You’ve seen me try the belly putter, you’ve seen me try different grips, and finally I believe I have kind of found the secret to my own putting, and what I need to do to putt well.
I feel like the fairways are a fair width. I feel like it’s a very fair set-up. The rough is difficult, but there are times where you can advance it. There are also times where you’ll have a hard time finding it. I feel, though, that the set-up is extremely fair because given the firmness of the fairways and as much as the ball is running, you have to have a little bit of room to maneuver and keep the ball in play. And the set-up has allowed for that. If you play well and play reasonably well, you can keep the ball out of the rough.
I used to hate it and now I love it. It really changed for me back in 2004 when Dave Pelz and I spent some time over here and developed a shot that feels easy to get the ball on the ground and in play off the tee; getting rid of these big misses when the ball gets up in the crosswinds and it takes it 50 yards off the edge of the fairway and into the deep heather.
We worked on a shot that’s kind of a — I call it kind of a chip, a kind of a chip 4-wood, a chip hybrid, a chip 4-iron, where I’m just swinging it almost half pace trying to take spin and speed off of it and just get it on the ground. And it’s this low, little scooting shot that feels very easy to get it in play.
First links experience
The first time I played links golf was in the Walker Cup in 1991, Portmarnock Ireland, but the first time over here was in ’92. I tried to qualify for the Open Championship at Muirfield over at North Berwick, and that was really one of my first experiences. I remember that golf course very vividly.
And I feel like that course had such an influence on architecture in the early 20th Century that a lot of the holes — probably the most emulated hole ever is the Redan hole throughout the world. But some of the features, like the green on 16, some of the blind shots, the architecture, there, is exquisite.

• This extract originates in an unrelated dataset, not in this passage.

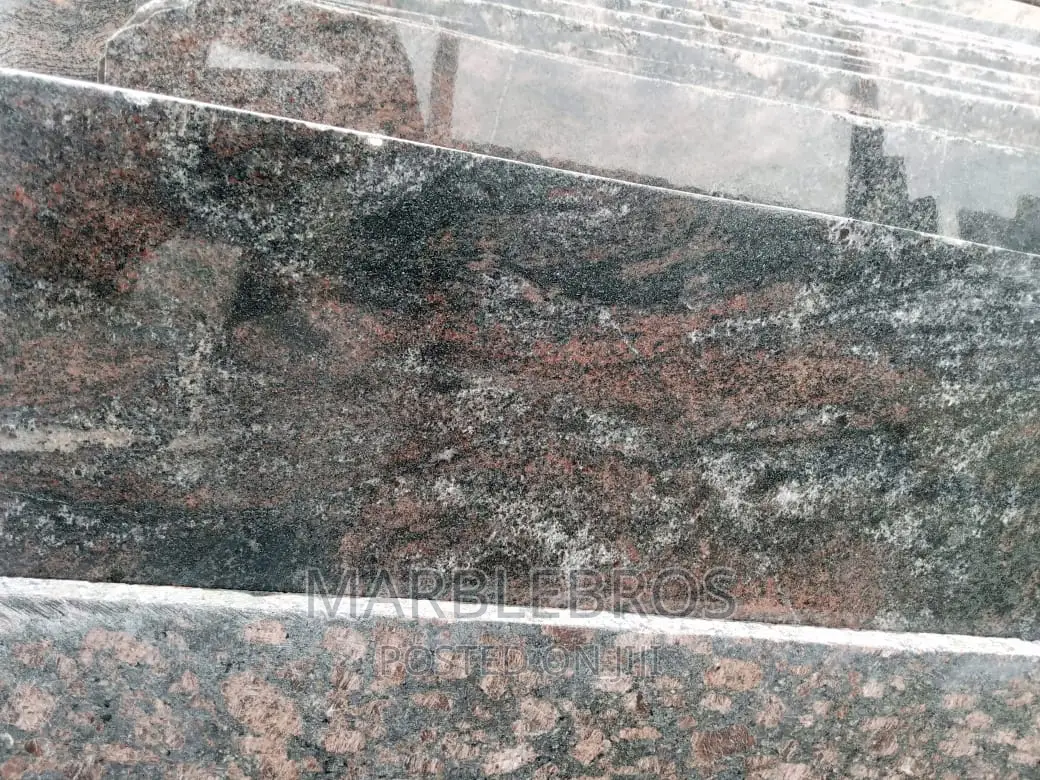 MB+, Classy Finishing With Granite Slabs 20mm Thickness Ston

I am really optimistic about this week and going forward because I’m starting to putt as well as I ever have
Going close at Sandwich 2011
I thought the worst weather I had played in in a long time was at St. Georges on the final round when I played the absolute best nine holes of golf I’ve ever played on the front nine.

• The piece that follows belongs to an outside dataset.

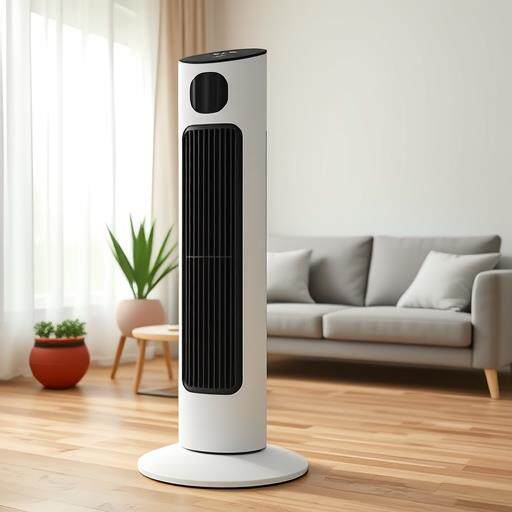 取暖器暖风机电暖气家用节能省电浴室电热风机即热语音控制速热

It was rainy, it was windy, and it was extremely hard. And I hit every shot as perfect as I could and played just an incredible nine holes.

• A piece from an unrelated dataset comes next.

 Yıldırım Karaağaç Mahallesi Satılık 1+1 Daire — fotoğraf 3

I missed the Muirfield weather in ’02, because I played so poorly the first two rounds that I teed off early Saturday and was able to miss it. Shoot 1- or 2-over and move up 50 spots.
The short game
The biggest factor is my ability inside 120 feet, inside 40 yards of getting up and down. My touch, putting, chipping along the ground, getting it inside a short, 3, 4, 5-foot area, to make the next putt, because putting in wind is very difficult. Chipping the ball close or putting it close from off the green in wind is very difficult. The speed differential, downwind into the wind is the highest you can have. And the firmness of the ground makes the touch and sensitivity to chipping so much greater, that I feel like that’s the area where you can save the most shots and ultimately the winner excels at is his ability inside the 40 yards around the hole to get it up and down. If I put a percentage on it, that would the highest percentage.
The bag set-up
I’m not going to carry a driver this week, no. I feel like the 64 degree wedge on this firm ground can save me some shots, and I just don’t see how a driver is going to help me in any areas. I’m able to hit that 3-wood on this firm ground every bit as close enough in distance on the holes. And distance on any tee shot is not even in my mind. It’s avoiding bunkers, avoiding rough, getting the ball in the fairway. And I can do it a lot easier with clubs other than driver.